Richardson sought individual monetary damages and classwide injunctive relief to prevent future constitutional violations for those in the SMU program. His amended complaint also sought class certification under Federal Rule of Civil Procedure (FRCP) 23(b)(2). A few weeks after Richardson filed the amended complaint, the government transferred him out of Lewisburg.
The district court denied class certification because Richardson's class definition was not ascertainable. However, it stayed the case pending the Third Circuit's decision in Shelton v. Bledsoe (775 F.3d 554 (3d Cir. 2015)). There, the Third Circuit held that ascertainability is not required for FRCP 23(b)(2) classes.
As a result, Richardson appealed the district court's denial of class certification. The defendants argued that Richardson's claims were moot because:
  • He failed to move for class certification before he was transferred out of Lewisburg and because his individual claims for injunctive relief were moot, he could not represent a class seeking the same relief.
  • All the individuals named as defendants had retired or changed jobs.
The Third Circuit found that Richardson's classwide claims for injunctive relief were not moot after reaffirming the "picking off" exception to mootness. The court first recognized this exception in Weiss v. Regal Collections, in which it held that when a plaintiff's individual claim for relief is acutely susceptible to mootness by the defendant's actions, the plaintiff may continue to represent the class even if the defendant moots the plaintiff's individual claims (385 F.3d 337 (3d Cir. 2004)).

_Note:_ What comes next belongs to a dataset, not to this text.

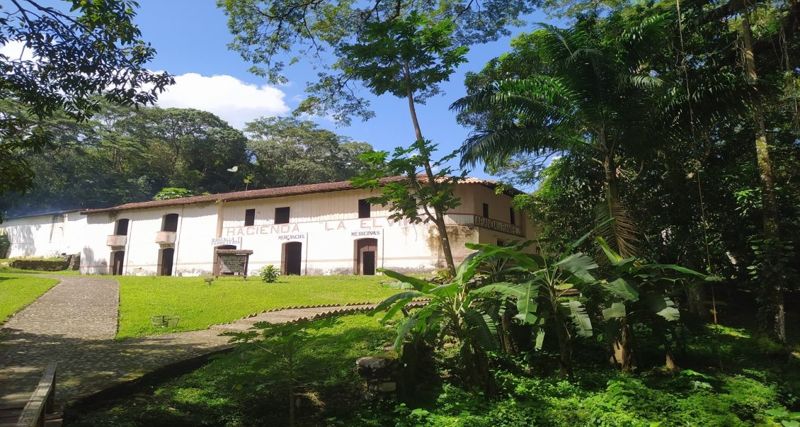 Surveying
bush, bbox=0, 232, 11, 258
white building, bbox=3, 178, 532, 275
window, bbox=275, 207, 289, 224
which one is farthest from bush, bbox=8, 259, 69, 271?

The Third Circuit concluded that the picking off exception survived the US Supreme Court decision in Campbell-Ewald v. Gomez, even though it partially overruled Weiss (136 S. Ct. 663 (2016)). Campbell-Ewald overruled Weiss, the Third Circuit concluded, only on the question of whether an unaccepted offer of judgment moots a plaintiff's claim. It did not address the picking off exception. Additionally, the Supreme Court's language about plaintiffs having a fair opportunity to seek class certification arguably supported the picking off exception in the Third Circuit's view. The Third Circuit therefore held that the picking off exception to mootness remains good law.
However, plaintiffs seeking to invoke the exception cannot unreasonably delay the determination of class status. In determining whether a delay is reasonable, the Third Circuit considers whether the plaintiff:
  • Had a fair opportunity to seek class certification.
  • Unduly delayed seeking class certification.
Here, the court found that Richardson did not have a fair opportunity to seek class certification. He was transferred out of the SMU program only six weeks after filing his amended complaint, shorter than the 90 days allowed for a class certification motion by the local rules.
Additionally, even though Richardson never filed a motion for class certification, the court held that he did not unduly delay seeking certification because he clearly presented the class certification issue to the district court in his amended complaint and opposition to the motion to dismiss. Since Richardson presented the issue without undue delay, under Weiss his claims related back to the date of his amended class complaint, and he could continue to seek class certification.
The court also rejected the defendants' argument that the case was moot because the prison officials named in the suit are no longer employed at Lewisburg, because the alleged violation reflected an institutional practice which could continue under new officials. For these reasons, the Third Circuit vacated the district court's denial of class certification and remanded the case.